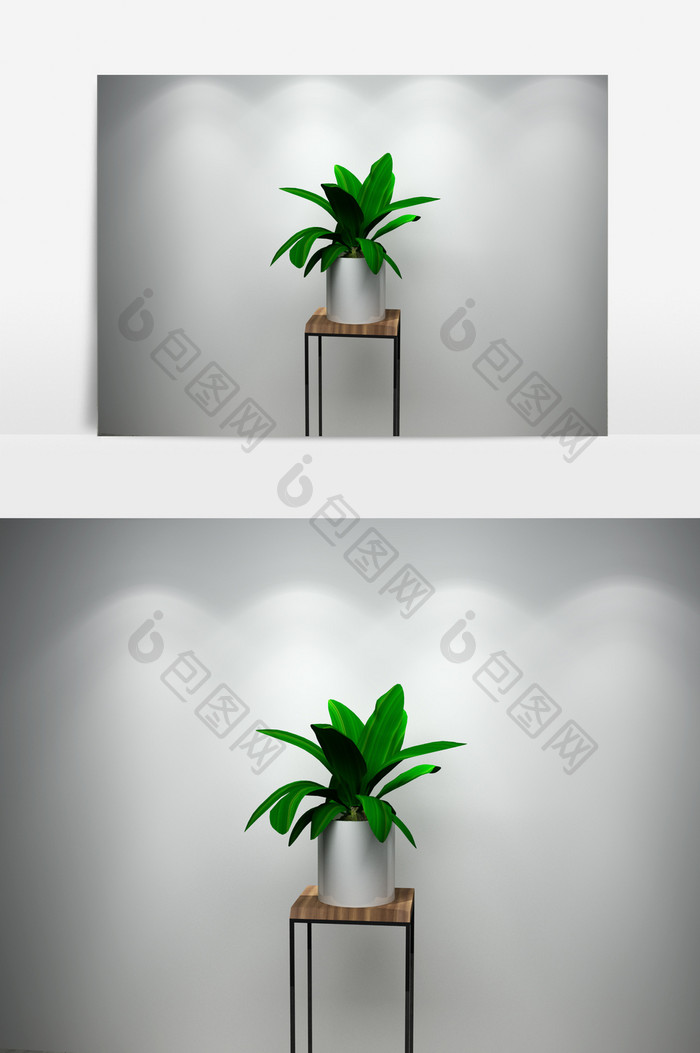 植物景观蝴蝶兰盆栽3D模型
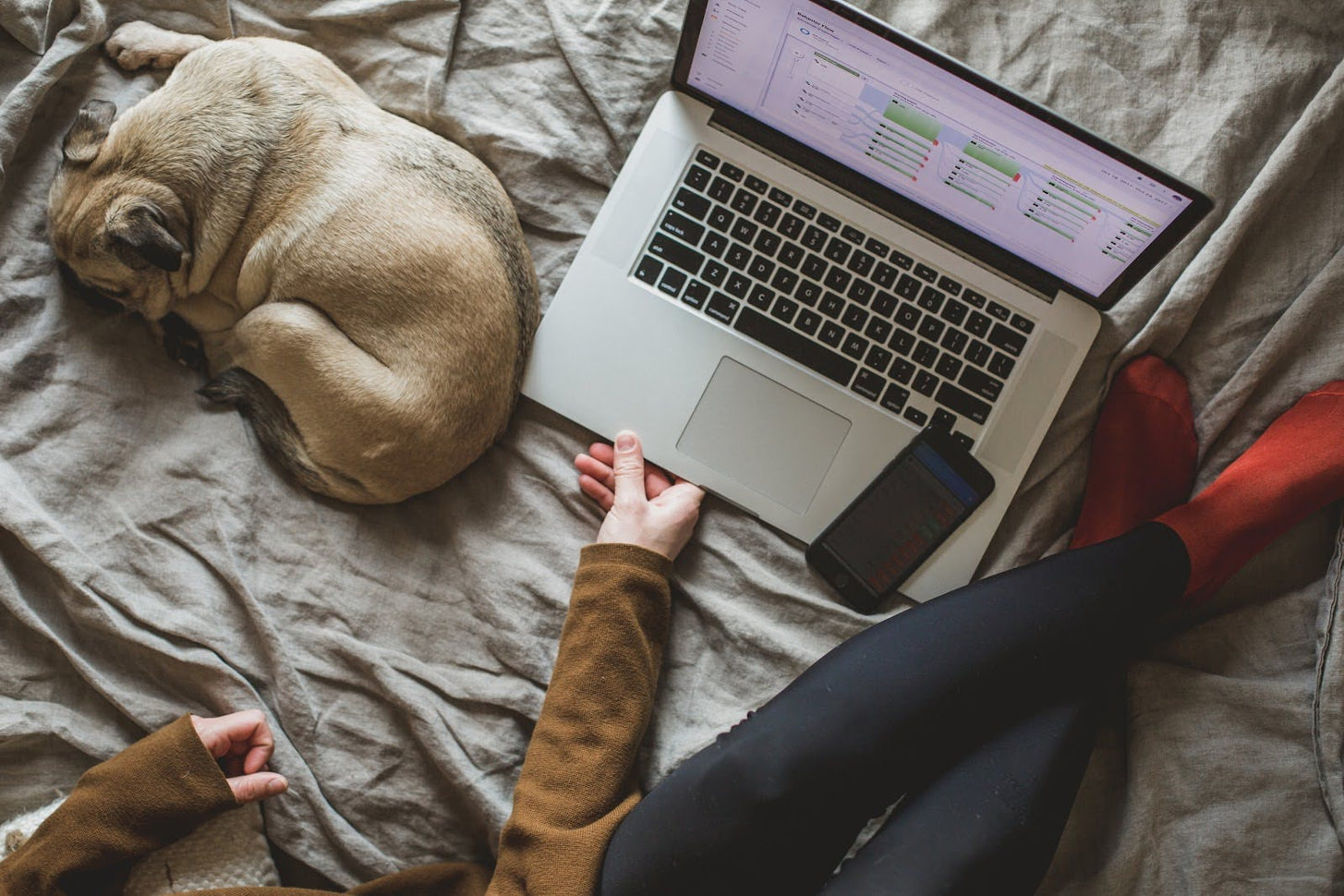 A person works on their business from bed beside a sleeping dog.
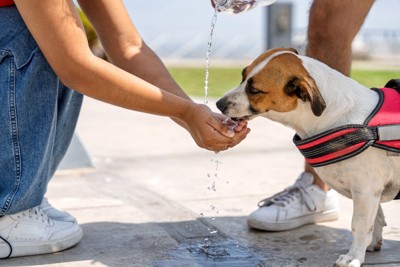 人の手からお水を飲む犬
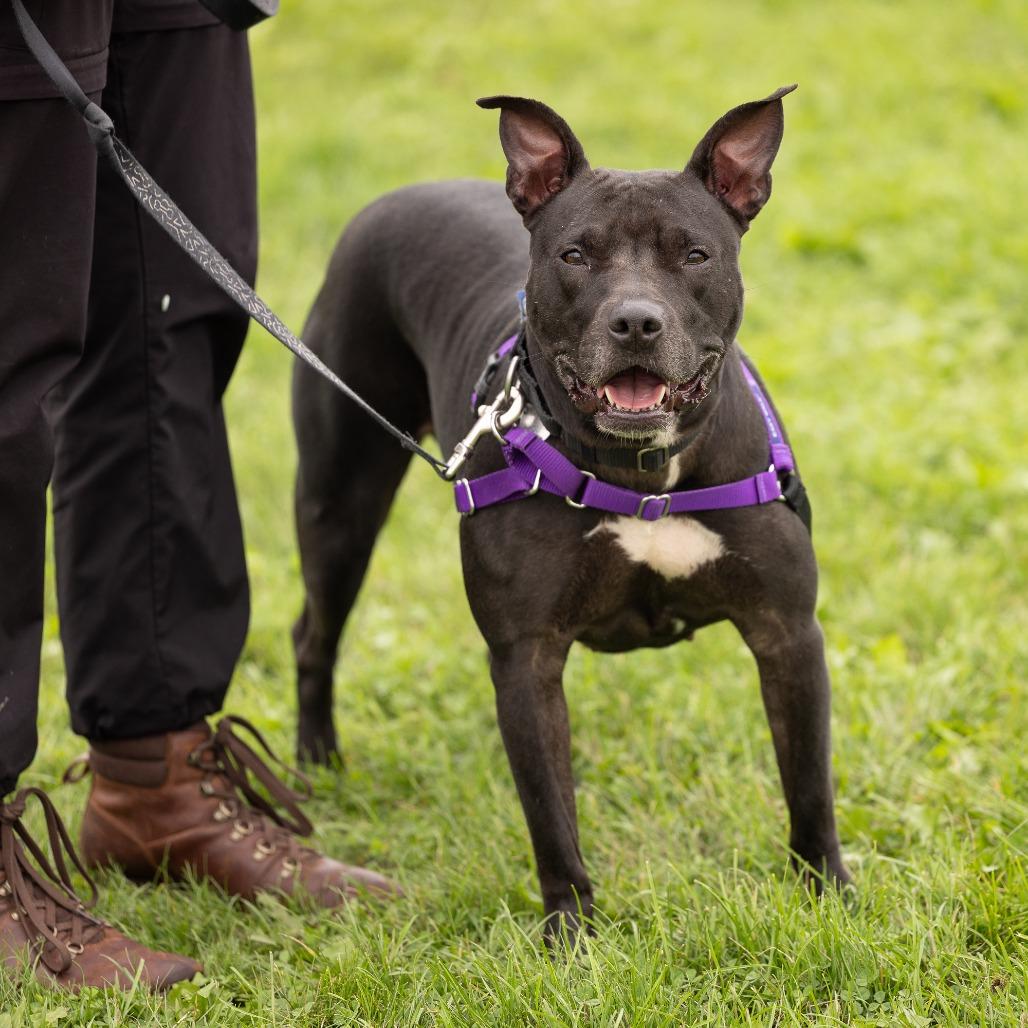 Luna, a Adoptable Mixed Breed in Waukesha, WI image 5/6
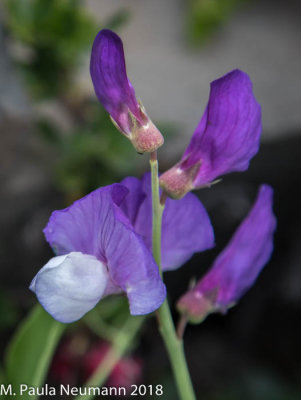 Sweet pea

* * * * *

* **Action item**
Print the records above word for word, omitting any picture they contain.

* **Your response**
 植物景观蝴蝶兰盆栽3D模型
 A person works on their business from bed beside a sleeping dog.
 人の手からお水を飲む犬
 Luna, a Adoptable Mixed Breed in Waukesha, WI image 5/6
 Sweet pea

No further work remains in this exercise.